You have given an array of 64 elements, minimum number of comparisons required to find out second largest element among all will be _______

# Minimum Comparisons Second Largest Element

**shreya**#3

Lets start with 10 elements

max_element = a[0]

second_max_element = some high negative value.

so the logic will be like:

for(i = 1;i<=10;++i)

{

if(a[i] > max_element)

{

second_max_element = max_element ;

max_element = a[i];

}

else if(a[i] > second_max_element)

{

second_max_element = a[i];

}

}

so minimum no of comparision in worst case is 2 for one element so i think 63*2 = 126

**Anmol_Binani**#4

Think again @shreya.

According to the link of stackoverflow,

We can start comparing the elements pair wise and build a decision tree in which case it takes n-1 comparisons to obtain the highest element.

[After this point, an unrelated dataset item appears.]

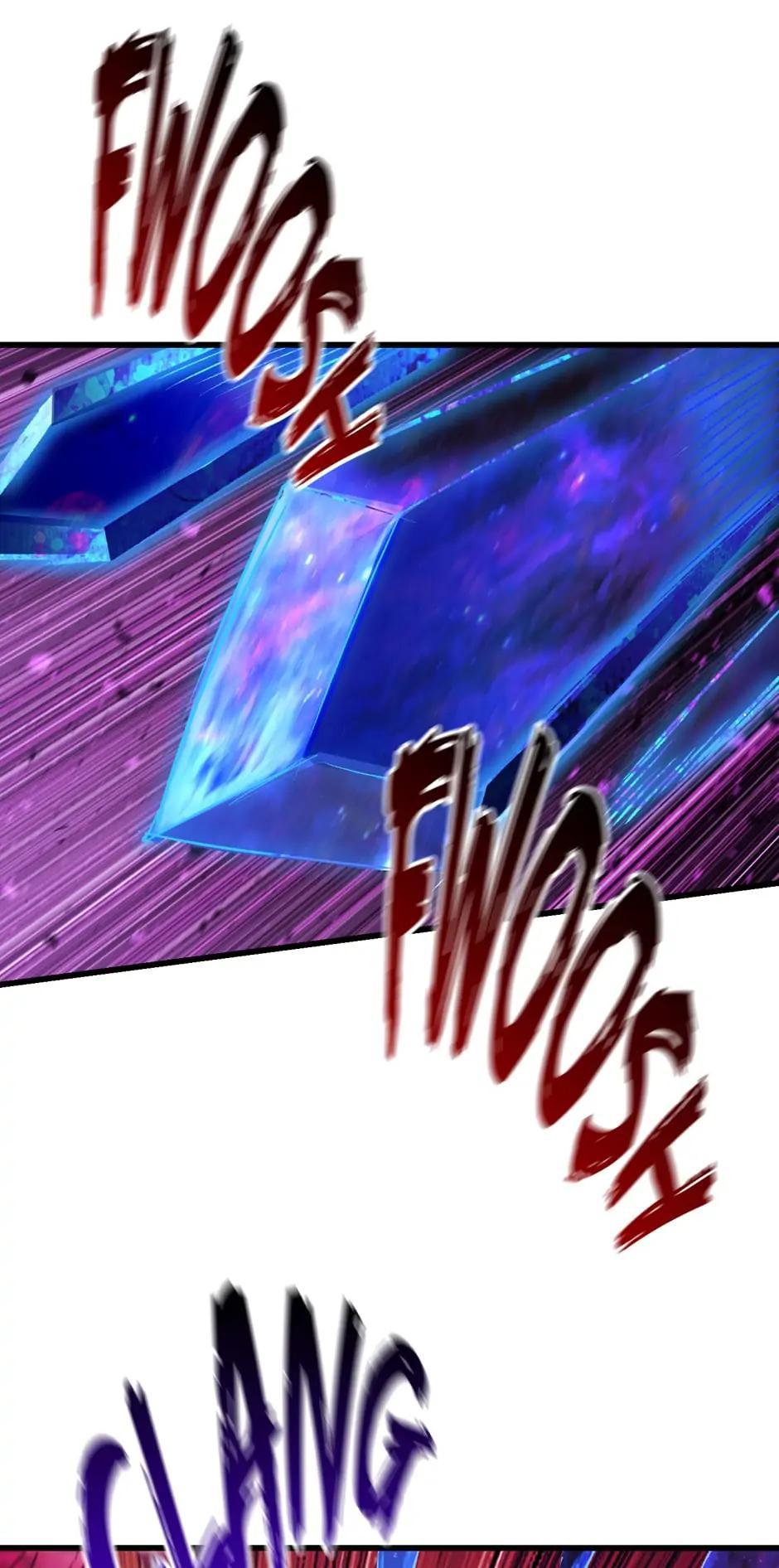 Otherworldly Sword King’s Survival Records Chap 141 - Next Chap 142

In order to get the second highest element we need to check only those elements which were compared with the highest element while building the decision tree, now as the height of the tree is logn and as logn comparisons are required for the highest element to reach the top, so to obtain second highest element one need logn-1 comparisons so all together (n - 1 + logn - 1) = (n + logn - 2) comparisons are required.

So, I think the answer should be = 64 + log64 - 2 (log is base 2) = 64 + 6 - 2 = 68.

in worst case 94 comparisons are required.

algorithm:

[1,2,3,…64]

compare 1st two elements and store them in first_max,second_max

start the loop for remaining 62 elements

```
Loop: every time take successive two elements A[i],A[i+1].
if(A[i]>A[i+1])
{
max = A[i]
max_2=A[i+1]
}
else{
max= A[i+1]
max_2=A[i]
}
if(first_max<max)
{
if(second_max<max_2){
second_max =max_2;
first_max = max;
}
else{
second_max=first_max
first_max = max
}
}
else{
if(max>second_max)
second_max=max;
}
```

in worst case for every two elements 3 comparisons are require and loop is iterated 62/2=31 times initially we do one comparison outside of the loop.

so total 1+3*62/2= 94

ans is 94

In other way there is a formula ::

for n elements 1+1.5*n comparisons are require to find the second second max or second min also.